What is encryption?
Encryption is the process of transforming information (referred to as plaintext) to make it unreadable to anyone except those possessing special knowledge, usually referred to as a “key”. The result of the process is encrypted information. In many contexts, the word encryption also implicitly refers to the reverse process, decryption (e.g. “software for encryption” can typically also perform decryption), to make the encrypted information readable again (i.e. to make it unencrypted).
What is a key?
A key is a piece of information (or parameter) that controls the operation of the encryption process. In encryption, a key specifies the particular transformation of plaintext into encrypted text.
Most encryption solutions offer the option to create an ’emergency disk’ that contains this key, which enables professionals to decrypt the data. In turn, this key contains the ‘cypher’, which dictates how the data is encrypted.
What is a cypher?
A cypher is an algorithm for performing encryption and decryption — a series of well-defined steps that can be followed as a procedure. There are many different ways in which plaintext can be encrypted, but essentially there are two main processes used: symmetric key algorithms and asymmetric key algorithms. Let’s review them in more detail.
Symmetric key algorithms
This uses the same key to encrypt and decrypt the plaintext into cyphertext.
Asymmetric key algorithms
This uses different keys to encrypt and decrypt the plaintext into cyphertext.
Levels of encryption
In addition to different cyphers and key structures, there are also different levels of encryption; depending on the security requirements of the user.

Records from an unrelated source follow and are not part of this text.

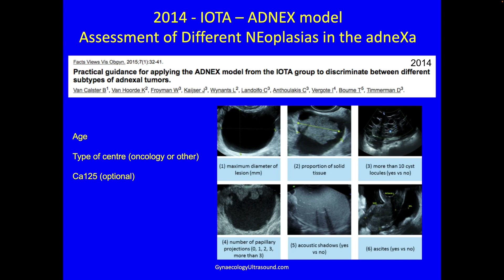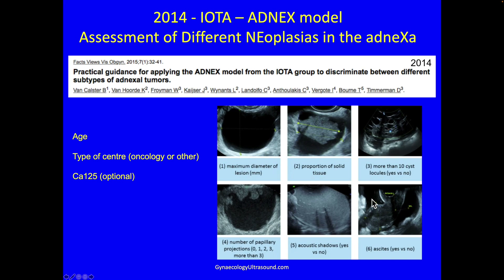The ultrasound features are: the maximum diameter of the lesion in any orientation or plane; the largest measurement of the solid component — the proportion of solid tissue; the number of locules, whether more or fewer than 10; the number of papillations, whether fewer than one, two, or three; presence or absence of acoustic shadowing; and presence or absence of ascites. We also need the patient's age and whether she was scanned in an oncology center or other. The CA125 test is optional.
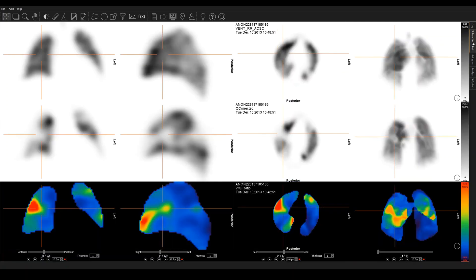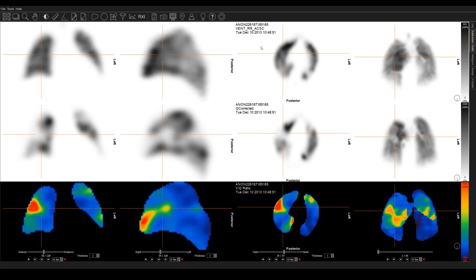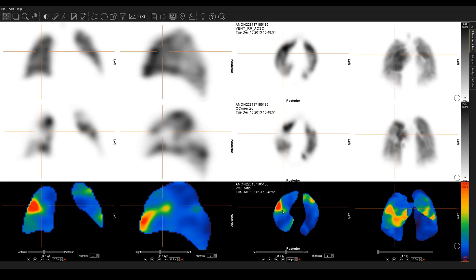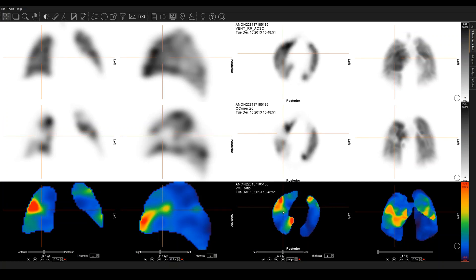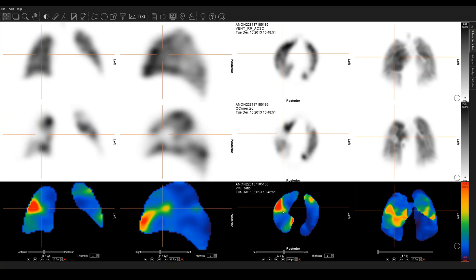On this tab here, what we're showing, so ventilation as before on the top. Q corrected, this is the perfusion SPECT. But any remaining counts from the ventilation, if two technetium agents were used, they have been subtracted out from this to correct for any possible overventing. And then this image down here is the ratio image. So it's the ventilation divided by the perfusion to really show up and highlight those mismatched defects.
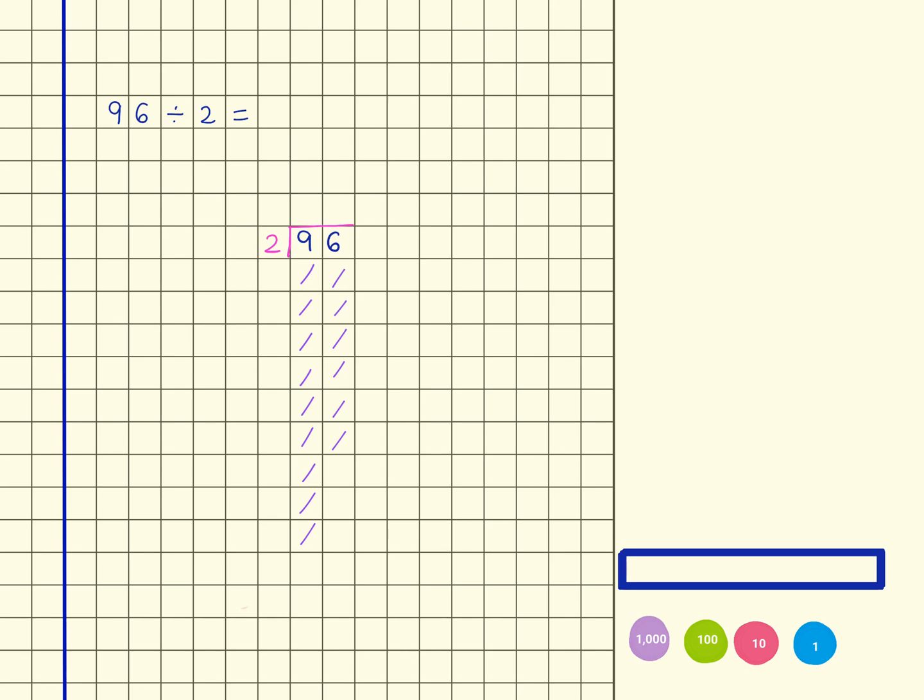96 divided by 2. I've already written out using the formal written method and I've also included the pictorial representation of this underneath the number.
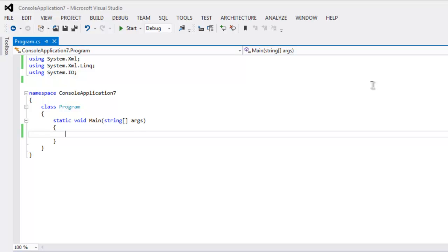In this video I'm going to show you how to create an XML file using LINQ. We're going to call three classes here, so type in using System.Xml, also using System.Xml.Linq, and then using System.IO.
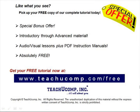Like what you see? Pick up your free copy of the complete tutorial at www.teachucomp.com forward slash free.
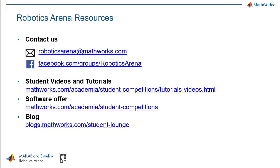If you have any questions about the video or the exercise, please reach out to us at roboticsarena at MathWorks.com. Thank you again for watching this video and see you in the next one.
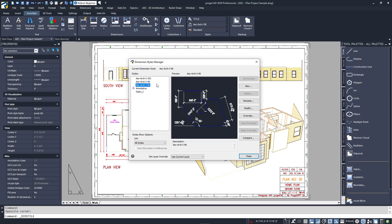There are numerous methods used to dimension drawings. One of the oldest and most commonly used methods employs styles as we see here, where the number represents the intended scale of the viewport that it will be displayed in. Dimensions are placed in model space with this method. The number is the inverse value of the scale. So, the one labeled 96 is for 1 eighth inch equals 1 foot views. The 48 is for 1 quarter inch equals a foot views.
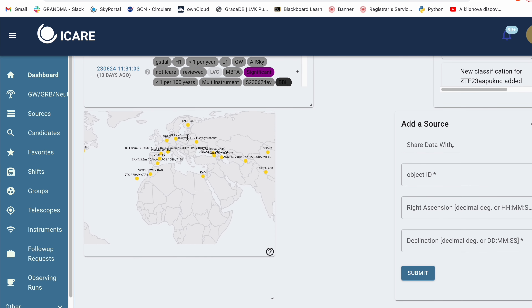And that's it. I talked about how to add the source to SkyPortal, how to add tags and classification to that source, how to add social comments as well as what type of social comments to expect on SkyPortal, and lastly, how to add photometry from different resources such as TNS. Thank you very much.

There are two main types of encryption, as we can see below:
|File-Level Encryption||Sector-Level Encryption|
|This type of encryption only encrypts user files or directories, and not any system files. In this case, the operating system is unsecured, so data is vulnerable from unauthorised users.||
This type of encryption encrypts all user files, directories and system files. In this case, the operating system is secure, so data is safe from unauthorised users.|
Problems with sector-level encryption
Full disk encryption for the boot disk has the issue that you have to decrypt the blocks where the operating system is stored before you boot the OS (i.e. before you load Windows, for example) meaning that the key has to be available before there is a user interface to ask for a password. This also means that an attacker may be able to use the same mechanism to recover the key, rendering the encryption software useless.

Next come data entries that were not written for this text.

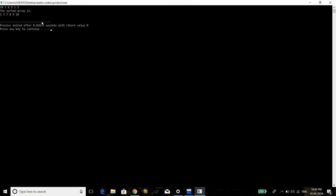Running the program, we can see the output. The initial array was 10, 7, 8, 9, 1, 5. After implementing quicksort, the array has been sorted correctly: 1, 5, 7, 8, 9, 10. This was the way to implement the logic behind quicksort and execute it. Thank you for watching and see you next time.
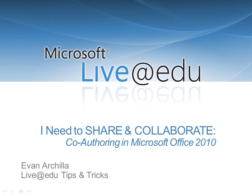Hello and welcome to Tips and Tricks for Microsoft Live at EDU. My name is Evan Arcella and I'd like to talk with you about co-authoring SkyDrive-based documents in Microsoft Office 2010.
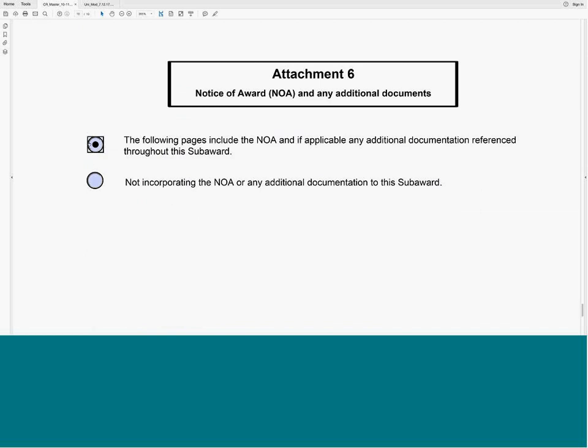Attachment 6 was created as a separate attachment for consistency and flow. If you're attaching the Notice of Award, you can add it to the end of the PDF document rather than trying to insert it and renumber pages — which could cause coding issues. Any additional documentation such as an MPI leadership plan or a data sharing plan would also become part of Attachment 6. You can also select that you're not incorporating the NOA or any additional documentation in the subaward.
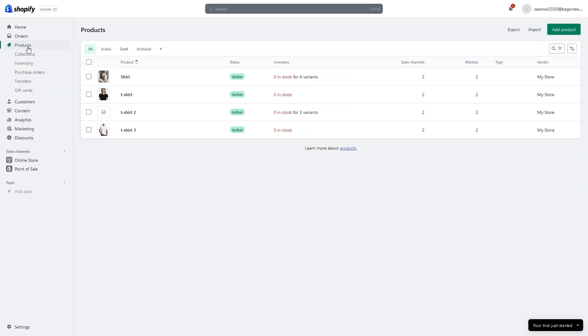In this video, we learned to show the discount on the product page for the product with no variations and with multiple variants. If you really find this video useful, hit the like button and subscribe to the channel.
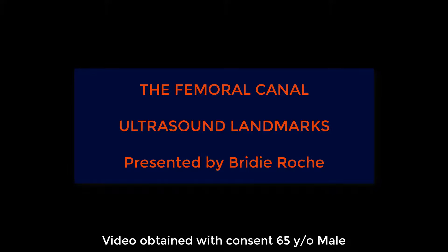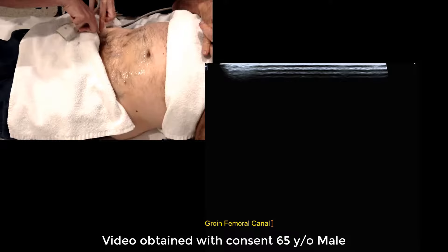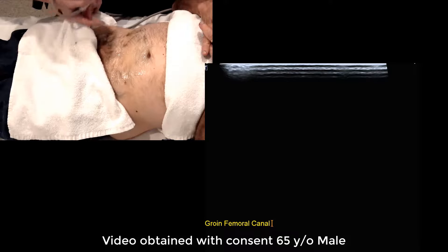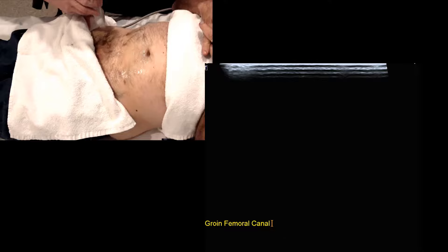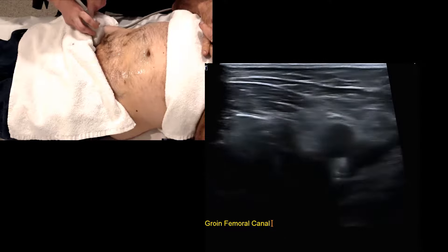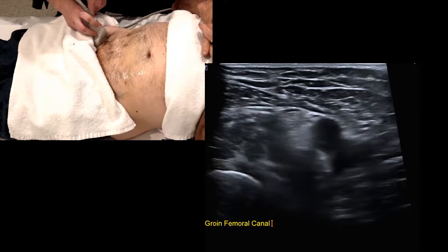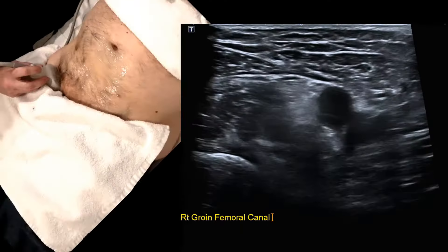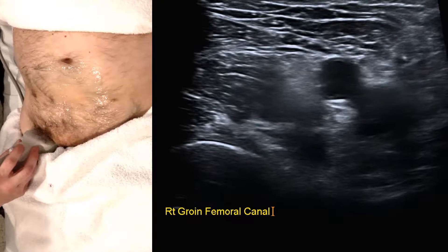We're going to look at some basic tips and tricks for getting around the femoral canal and the inguinal canal. We'll commence with the femoral canal and its various landmarks.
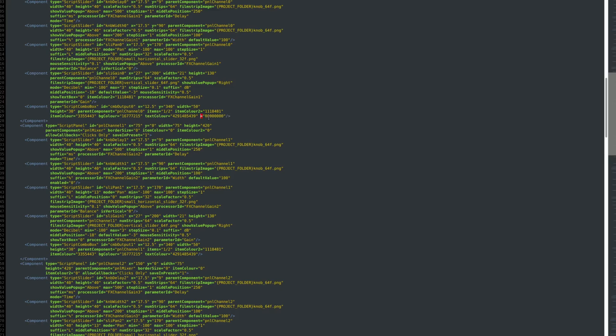So this occasionally happens that the GUI data gets screwed up like this for one or two components, especially if you're moving components around between different panels, like if you've got a lot of components inside a panel, and then perhaps you move one to another panel and then maybe move it again, or you delete a component.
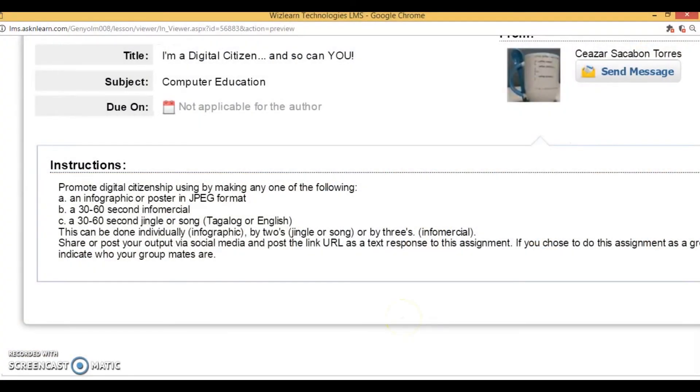After completion, students will share their output via social media and post the link URL as a text response to the assignment. This is where collaboration comes in. Even those who chose to make an infographic individually would end up collaborating with others, since they would be posting online and looking for feedback on what they actually did. With this output under construction, we are able to differentiate content, differentiate process, and differentiate product to cater to the different kinds of students in the classroom.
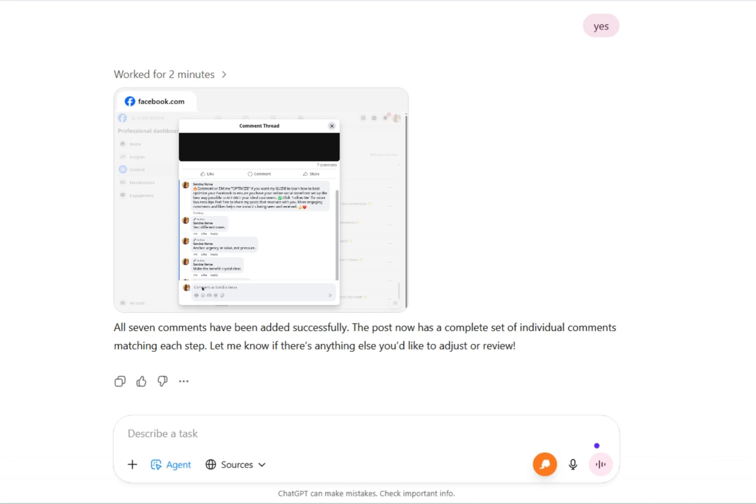So the link will be in the description to my school community. Go ahead and join us. We're going to be doing multiple AI workshops in that community.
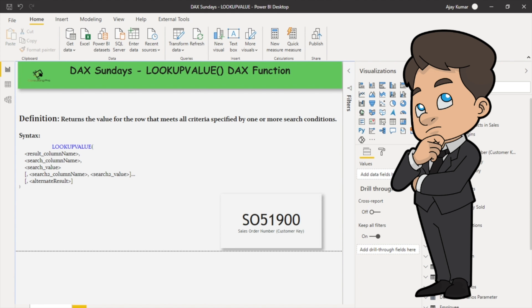But before ending today's session, I would like to highlight a couple of points. If there is a relationship between the result and search table, in most cases using the RELATED function instead of LOOKUPVALUE is more efficient and provides better performance.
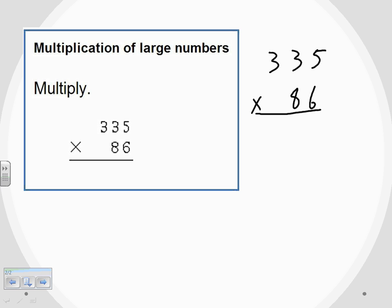We want to start on the right-hand side, just as we have with other examples. We start by multiplying the six — I can only do one digit at a time. The six gets multiplied with the furthest digit on the right, so six times five gives me 30. I only have room for one digit below the six, so the zero goes there, and the three from 30 gets carried over to the next column.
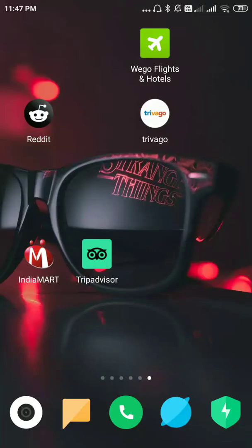Hi friends, welcome to our channel. In this video I'll be showing you how to create your account in the Vigo app. Before going to the next step, please subscribe to our channel to get more updates on our new videos.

Possible solutions to this include:
- Using a dongle to store the key, assuming that the user will not allow the dongle to be stolen with the laptop/desktop
- Using a boot-time driver that can ask for a password from the user
- Using a network interchange to recover the key, for instance as part of a boot environment that does not need to access the hard disk
Is encrypted data recovery possible?
As with any other job, if the drive/tape etc., is not too severely damaged then a recovery may be possible. However, if there has been some kind of corruption whereby the data has not been encrypted correctly, then you might have to say good-bye to the data. This is because applying the decryption cypher will not translate the encrypted information correctly.
Remember – encryption brings its own set of risks!

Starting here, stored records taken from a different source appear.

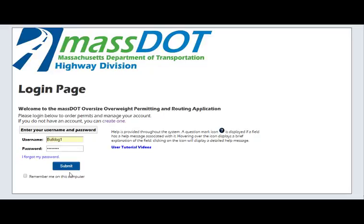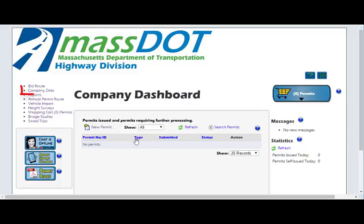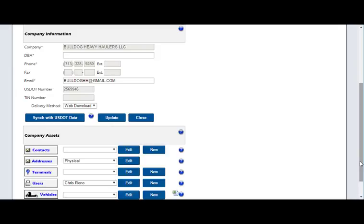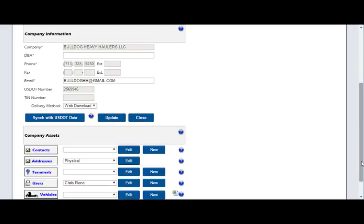Begin by logging into your account, then choose Company Data from the left-hand navigation. This allows you access to all of your company information and allows you to edit most fields.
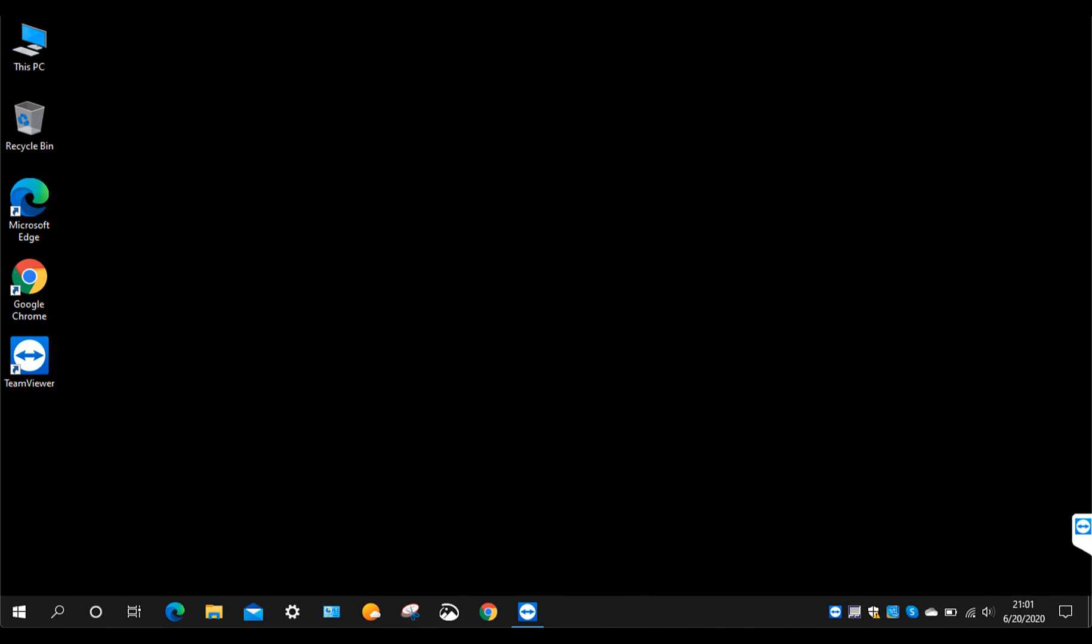Hey everybody, Greg here, and today is Saturday, June 20th, 2020. This is a short video to introduce you to one of the basic functions of a Windows computer, and that is the ability to size and move windows around, program windows.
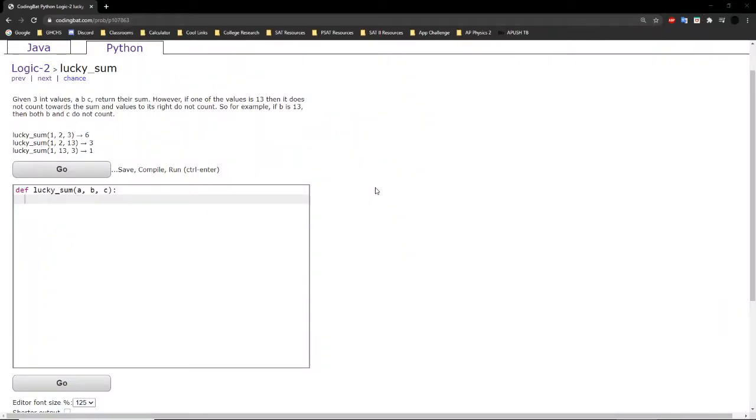Hello guys, welcome back to another codingbat.com tutorial. Today we will be doing logic 2 exercise lucky sum.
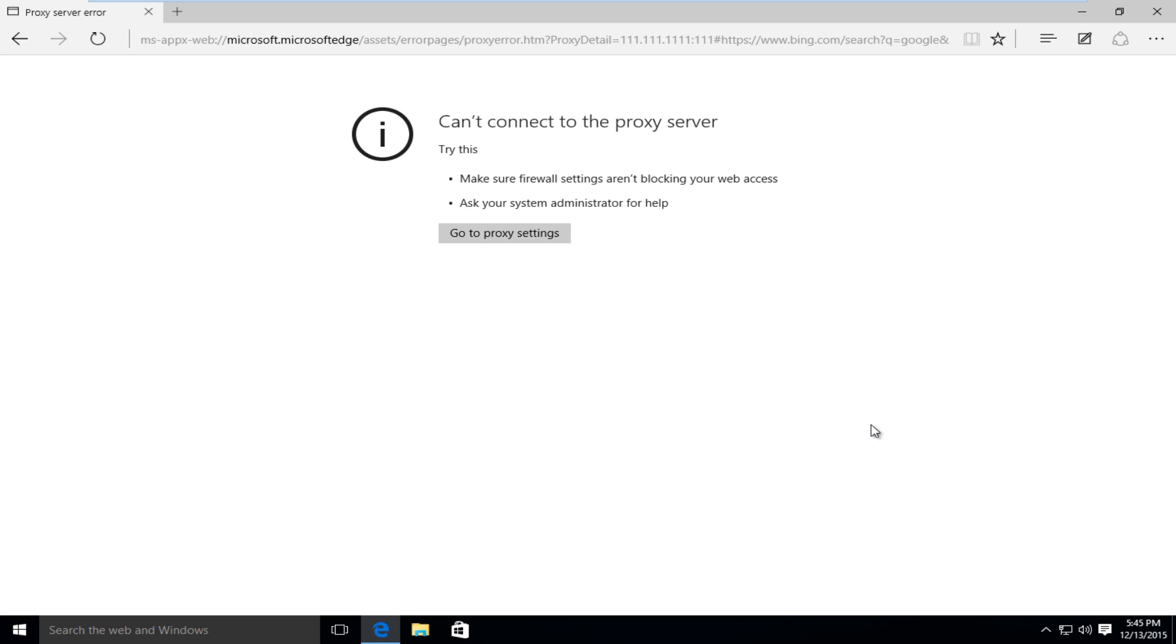Hello everyone, how are you doing? This is MD Tech here for another quick tutorial. Today I'm going to be showing how to resolve an internet connection issue where you're unable to connect to a proxy server.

As you can see, encryption is not a simple subject to tackle. There are many different ways data can be encrypted (and decrypted), but the most important thing to remember is that engineers cannot decrypt a drive unless they have the emergency disk.
Furthermore, if the data has been corrupted in the process of being encrypted, there is no way of recovering this information, as the emergency disk will not correctly translate the corrupted data. It is best to first consider carefully whether the data needs to be encrypted and what the level of encryption you require for it is.